### EXERCISE MATERIALS
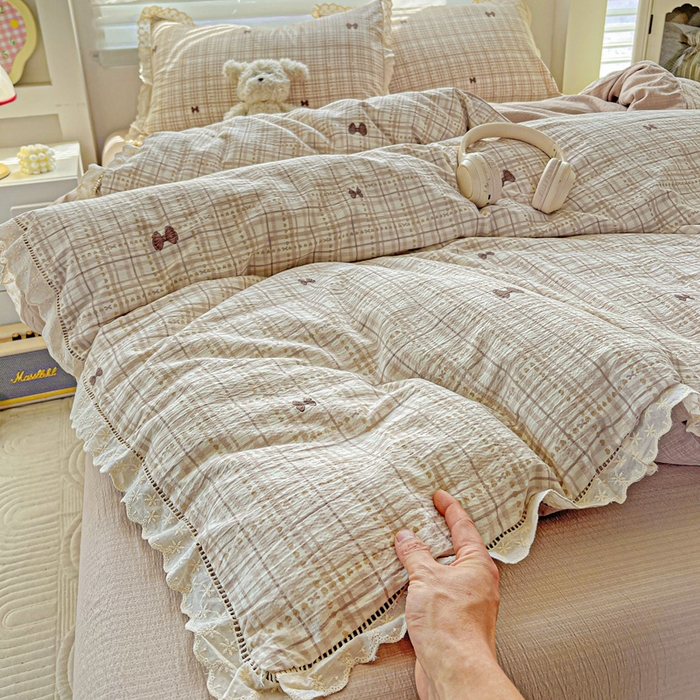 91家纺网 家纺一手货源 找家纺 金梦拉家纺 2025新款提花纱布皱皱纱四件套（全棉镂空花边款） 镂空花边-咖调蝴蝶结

---

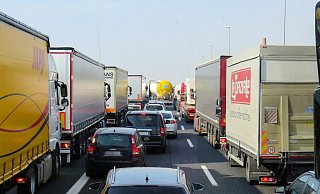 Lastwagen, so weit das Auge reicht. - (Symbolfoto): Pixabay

* * *

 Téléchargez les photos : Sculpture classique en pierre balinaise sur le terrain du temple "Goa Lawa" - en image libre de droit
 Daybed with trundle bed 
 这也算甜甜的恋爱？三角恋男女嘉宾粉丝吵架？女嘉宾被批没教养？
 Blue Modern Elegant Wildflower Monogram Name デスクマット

### TASK PROMPT
Reproduce, exactly as they stand in the data above, the lines from the one that holds "Daybed with trundle bed" to the one that holds "Blue Modern Elegant", inclusive.

### RESPONSE TO THIS EXERCISE
 Daybed with trundle bed 
 这也算甜甜的恋爱？三角恋男女嘉宾粉丝吵架？女嘉宾被批没教养？
 Blue Modern Elegant Wildflower Monogram Name デスクマット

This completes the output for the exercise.